Assignment | Only the pictures stay out; please return all the entries below exactly as written.
==============================
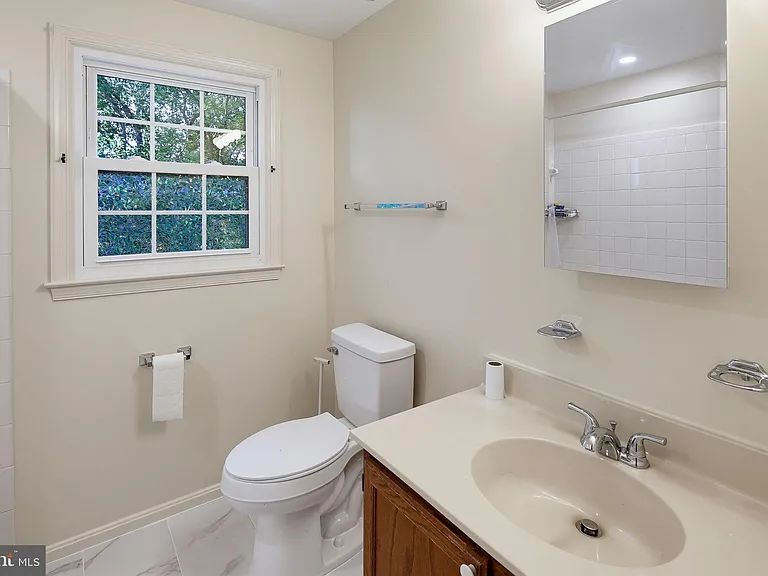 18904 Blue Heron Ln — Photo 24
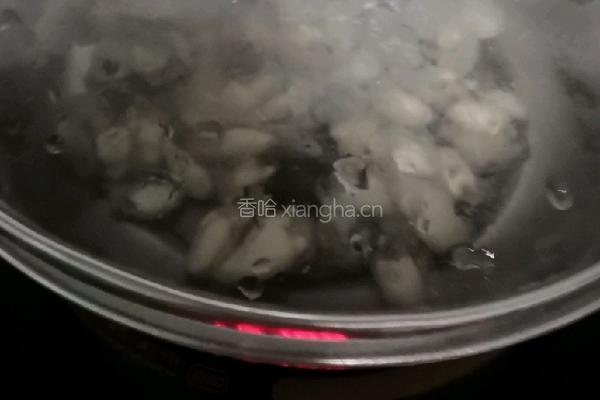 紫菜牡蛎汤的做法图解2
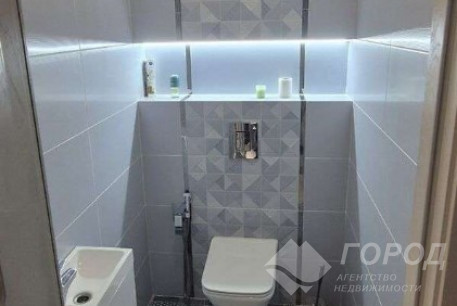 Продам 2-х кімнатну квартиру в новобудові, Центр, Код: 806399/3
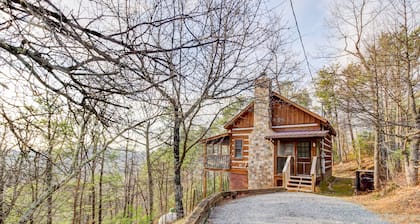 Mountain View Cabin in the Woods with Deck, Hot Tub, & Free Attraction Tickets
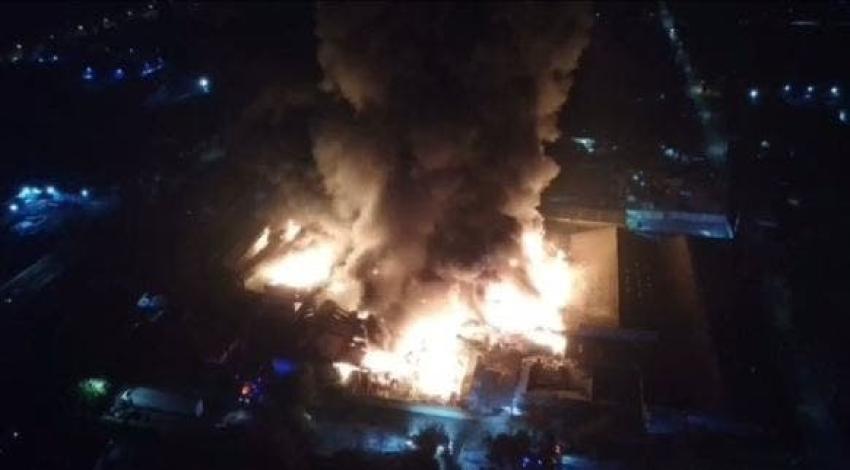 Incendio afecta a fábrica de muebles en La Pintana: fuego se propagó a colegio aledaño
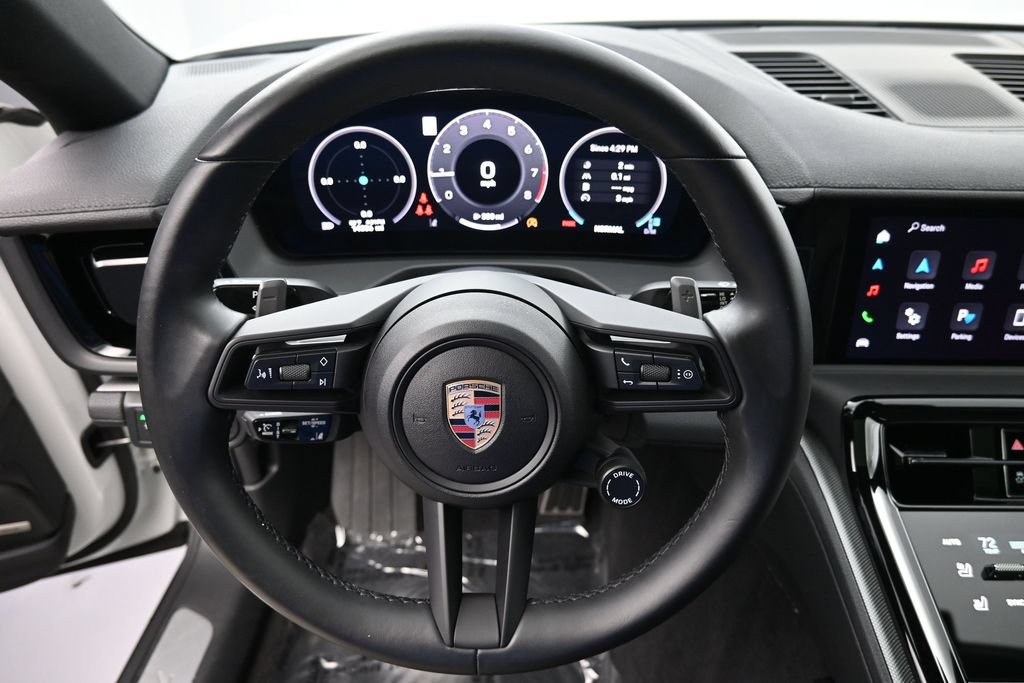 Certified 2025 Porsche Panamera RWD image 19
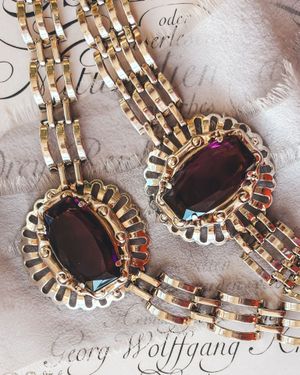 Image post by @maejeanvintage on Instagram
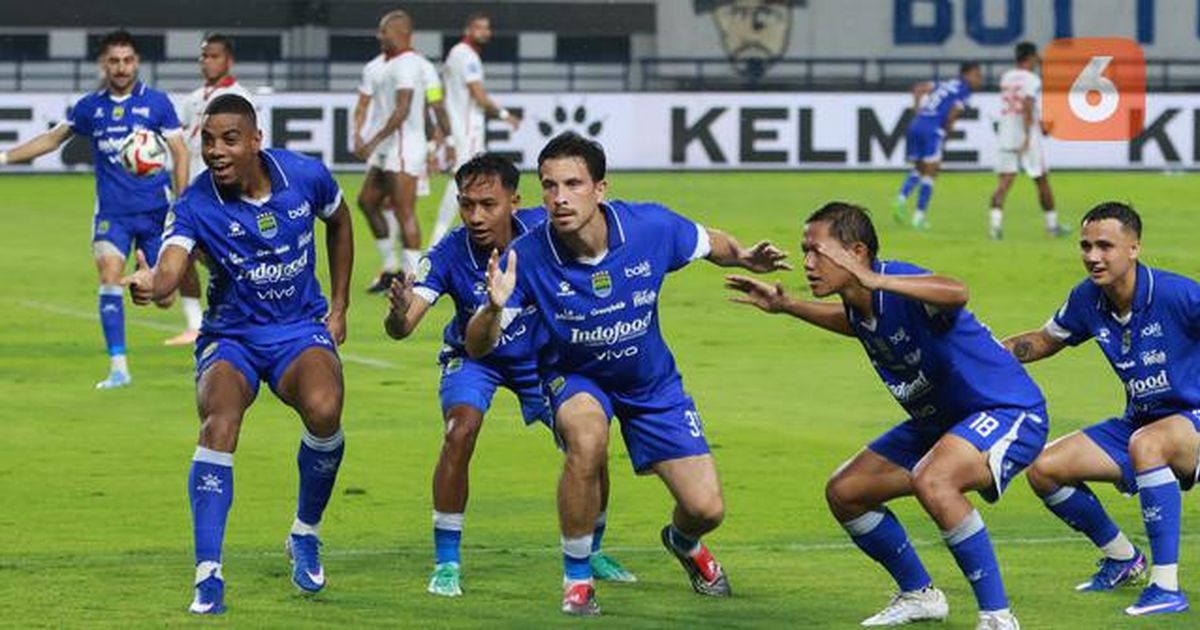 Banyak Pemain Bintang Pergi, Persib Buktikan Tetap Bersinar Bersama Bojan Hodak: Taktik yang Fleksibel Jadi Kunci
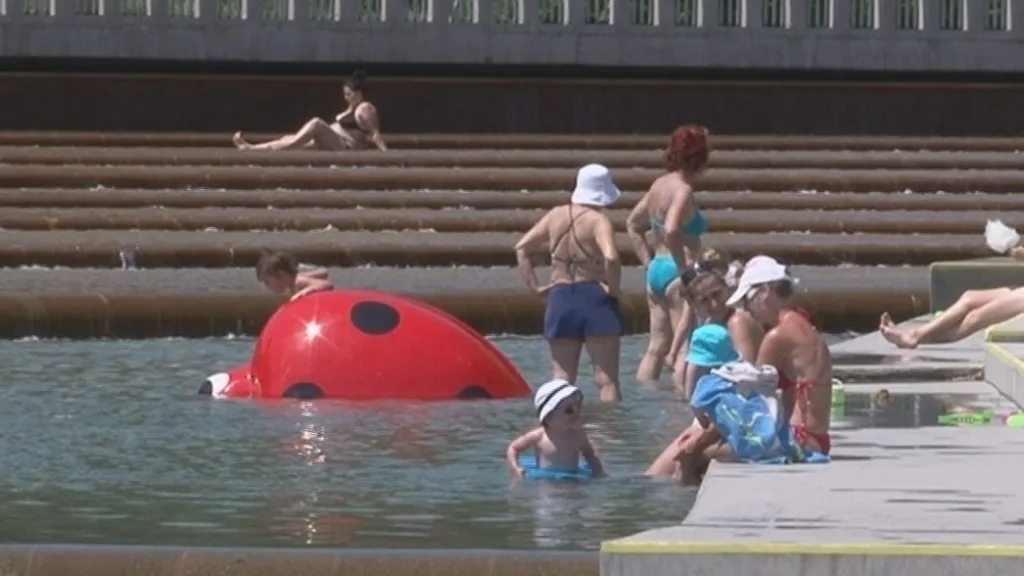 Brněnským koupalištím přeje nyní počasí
==============================
The answer |
 18904 Blue Heron Ln — Photo 24
 紫菜牡蛎汤的做法图解2
 Продам 2-х кімнатну квартиру в новобудові, Центр, Код: 806399/3
 Mountain View Cabin in the Woods with Deck, Hot Tub, & Free Attraction Tickets
 Incendio afecta a fábrica de muebles en La Pintana: fuego se propagó a colegio aledaño
 Certified 2025 Porsche Panamera RWD image 19
 Image post by @maejeanvintage on Instagram
 Banyak Pemain Bintang Pergi, Persib Buktikan Tetap Bersinar Bersama Bojan Hodak: Taktik yang Fleksibel Jadi Kunci
 Brněnským koupalištím přeje nyní počasí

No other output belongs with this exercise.